The Joint Council of Librarians of Color (JCLC, Inc.) was founded in June 2015 as an organization “that advocates for and addresses the common needs of the American Library Association ethnic affiliates“; these ethnic affiliates include BCALA, as well as the American Indian Library Association, the Asian Pacific American Librarians Association, the Chinese American Librarians Association, and REFORMA: The National Association to Promote Library & Information Services to Latinos and the Spanish Speaking.

Goals 
Mission Statement (revised 1995)

BCALA Mission: The Black Caucus of the American Library Association serves as an advocate for the development, promotion, and improvement of library services and resources to the nation's African American community; and provides leadership for the recruitment and professional development of African American librarians.

Membership
Fees/levels are: 
 Student $10
 Library Support Staff $20
 Retired $25
 Regular $45
 Institutional/Institutions $60
 Corporate $200
 Lifetime $500

Awards 
The BCALA offers awards for books, e-books, innovative leaders (referred to as trailblazers), and a scholarship in honor of E.J. Josey.

Awards are given for four categories: Fiction, Nonfiction, Poetry Collection, and First Novel.  The initial First Novel award went to Alexs Pate, for the novel Losing Absalom. Some of the recent book awards have been for The Twelve Tribes of Hattie and If One of Us Should Fall.

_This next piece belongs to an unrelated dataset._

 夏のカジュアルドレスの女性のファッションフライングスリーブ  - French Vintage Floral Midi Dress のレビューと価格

The SELF-e literary award, recognizing self-published poetry and fiction, was created in 2015 by BCALA in partnership with BiblioBoard, becoming the first ebook award sponsored by an organization affiliated with the American Library Association.

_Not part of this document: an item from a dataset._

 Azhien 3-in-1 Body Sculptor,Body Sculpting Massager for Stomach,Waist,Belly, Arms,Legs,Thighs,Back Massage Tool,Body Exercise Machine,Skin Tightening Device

The Black Books Galore! contest was sponsored by BCALA to public and school library programs that support increased awareness of African American children's literature through public programming.

Conferences
The National Conference of African American Librarians (NCAAL) has been held nine times since 1992; the first conference was held in Columbus, Ohio, and organized by Sylvia Sprinkle-Hamlin, conference chair. The schedule of 70 programs included a focus on African-American librarians supporting each other professionally as well as highlighting the work of African-American authors and performers. Conferences have continually provided an opportunity for black librarians to network, build community, and address current concerns, such as the need for library subject headings that will allow for easy access to African-American collections.

The August 2015 Conference was held in St. Louis, Missouri. The next National Conference of African American Librarians will be held from August 5–9, in Tulsa, Oklahoma, in 2020.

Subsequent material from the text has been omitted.